── Information provided ──

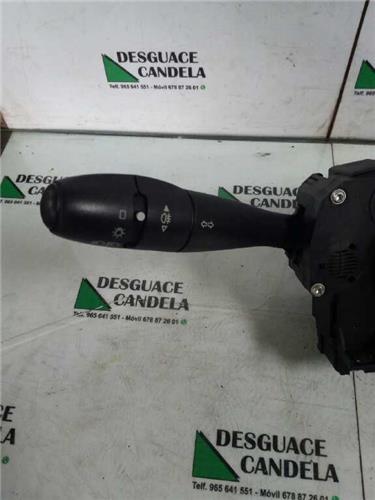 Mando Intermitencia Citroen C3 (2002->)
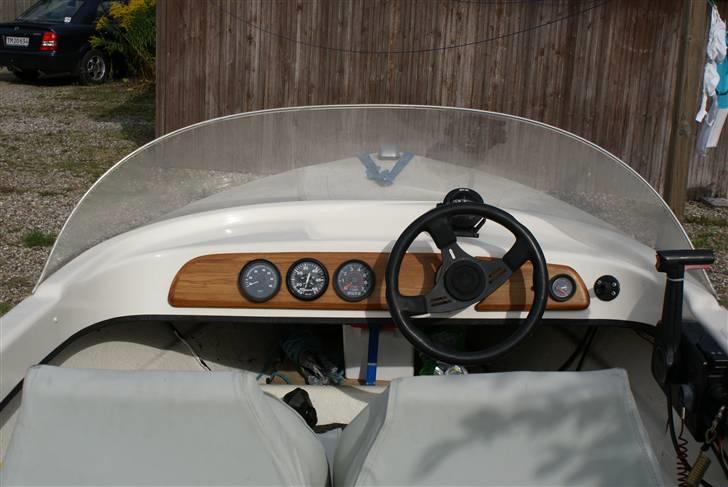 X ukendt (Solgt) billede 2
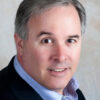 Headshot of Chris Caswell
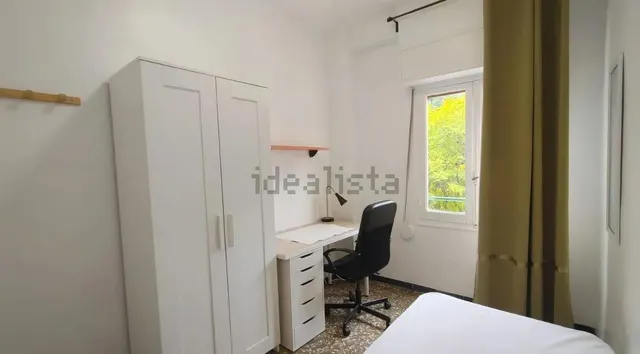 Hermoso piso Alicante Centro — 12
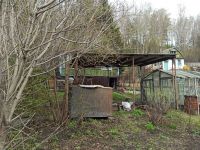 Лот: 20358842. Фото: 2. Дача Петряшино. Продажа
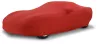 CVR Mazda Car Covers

───

### [Directions for this task]
With the pictures excluded, the line containing "Hermoso piso Alicante Centro — 12" and every line after it through the end of the data above are to be transcribed exactly, and nothing more.

### [Solution to this problem]
 Hermoso piso Alicante Centro — 12
 Лот: 20358842. Фото: 2. Дача Петряшино. Продажа
 CVR Mazda Car Covers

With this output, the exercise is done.